» **EXERCISE GOAL**: Take the line with "Hotel Carris Porto" and every line after it in the entries below, and set them down exactly, without any pictures.

(Dataset items)
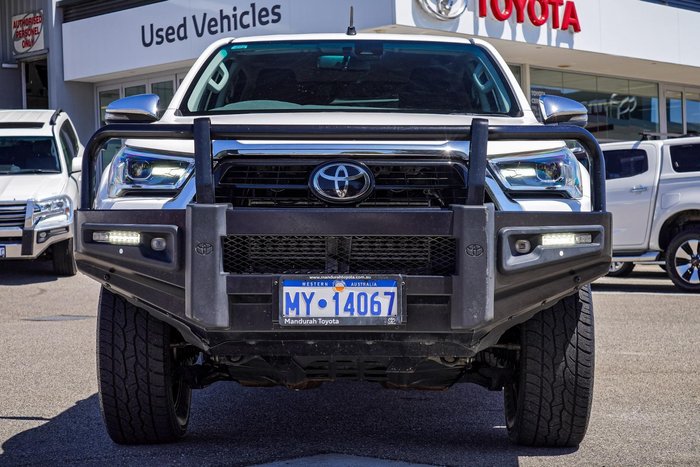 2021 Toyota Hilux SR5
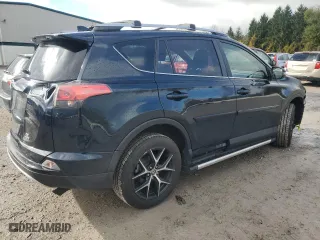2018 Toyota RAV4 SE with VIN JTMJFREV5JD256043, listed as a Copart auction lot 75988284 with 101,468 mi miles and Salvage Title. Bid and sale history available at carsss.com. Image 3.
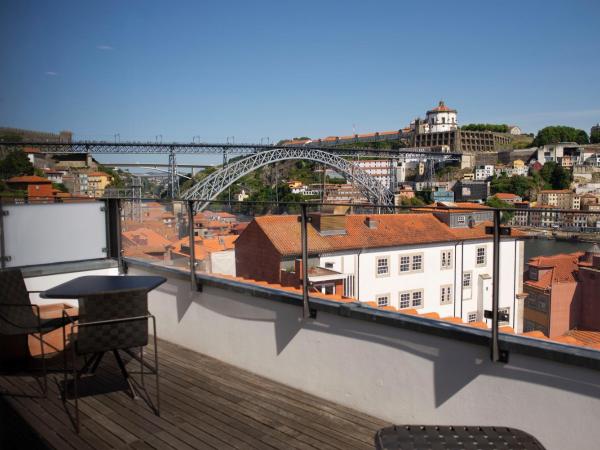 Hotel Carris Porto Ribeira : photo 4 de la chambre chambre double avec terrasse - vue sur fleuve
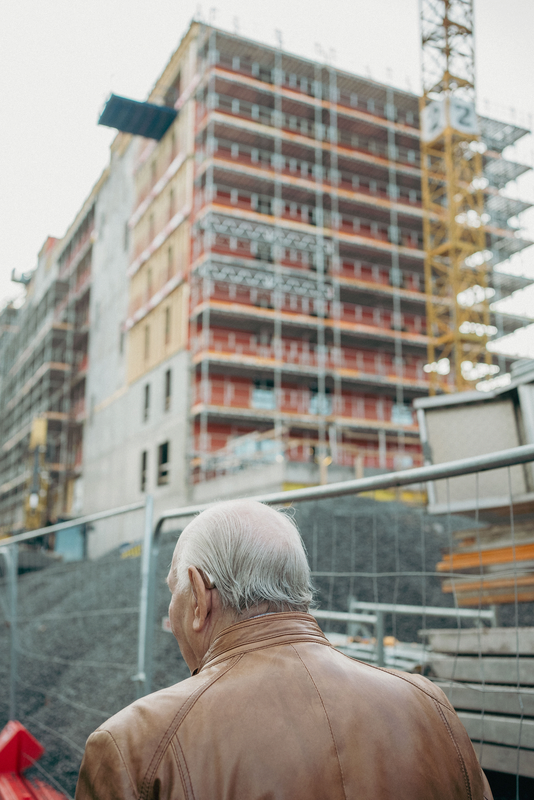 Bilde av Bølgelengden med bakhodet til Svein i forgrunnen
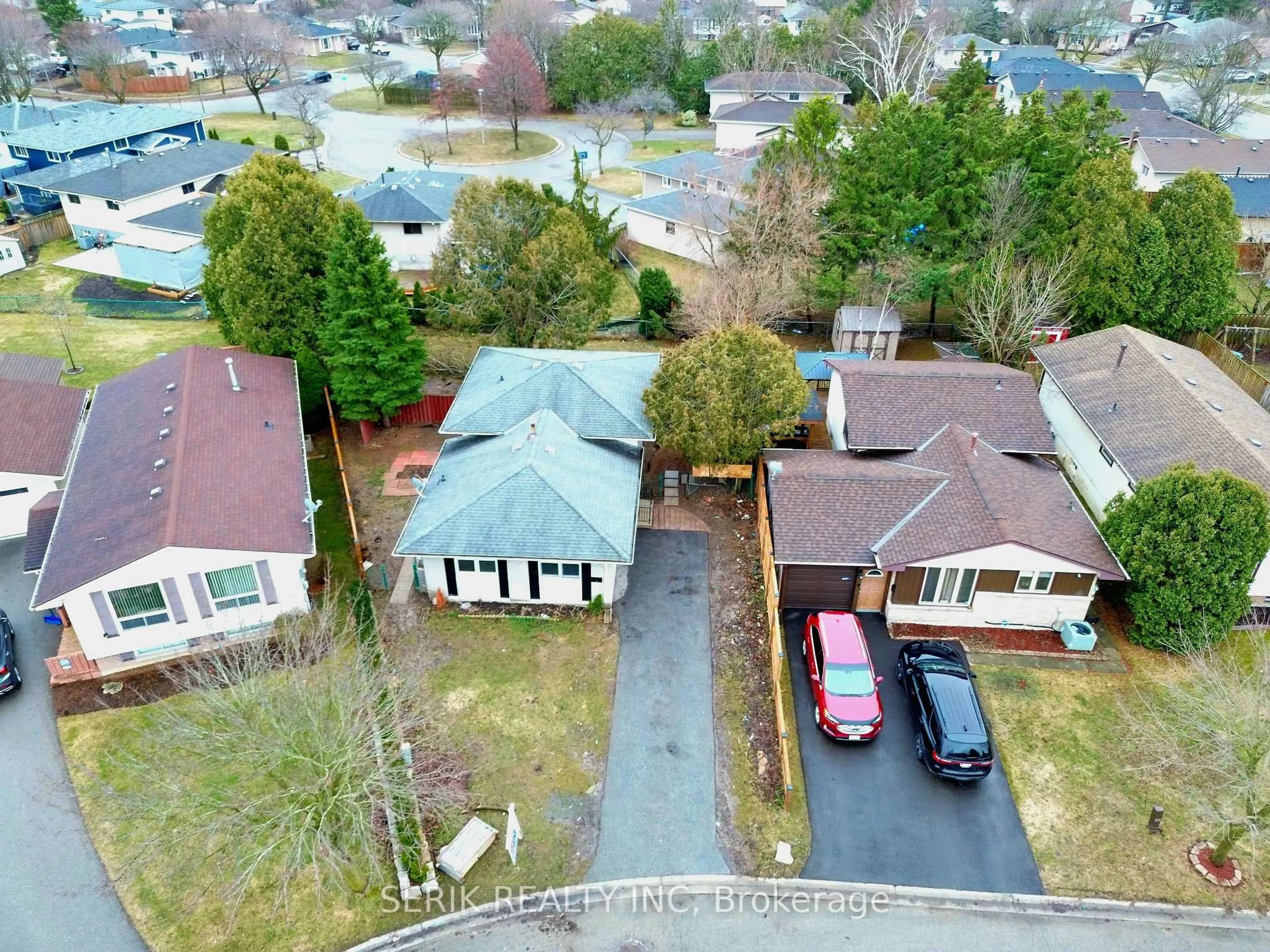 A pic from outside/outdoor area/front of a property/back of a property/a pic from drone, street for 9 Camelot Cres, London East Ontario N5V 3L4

» **TASK OUTPUT**:
 Hotel Carris Porto Ribeira : photo 4 de la chambre chambre double avec terrasse - vue sur fleuve
 Bilde av Bølgelengden med bakhodet til Svein i forgrunnen
 A pic from outside/outdoor area/front of a property/back of a property/a pic from drone, street for 9 Camelot Cres, London East Ontario N5V 3L4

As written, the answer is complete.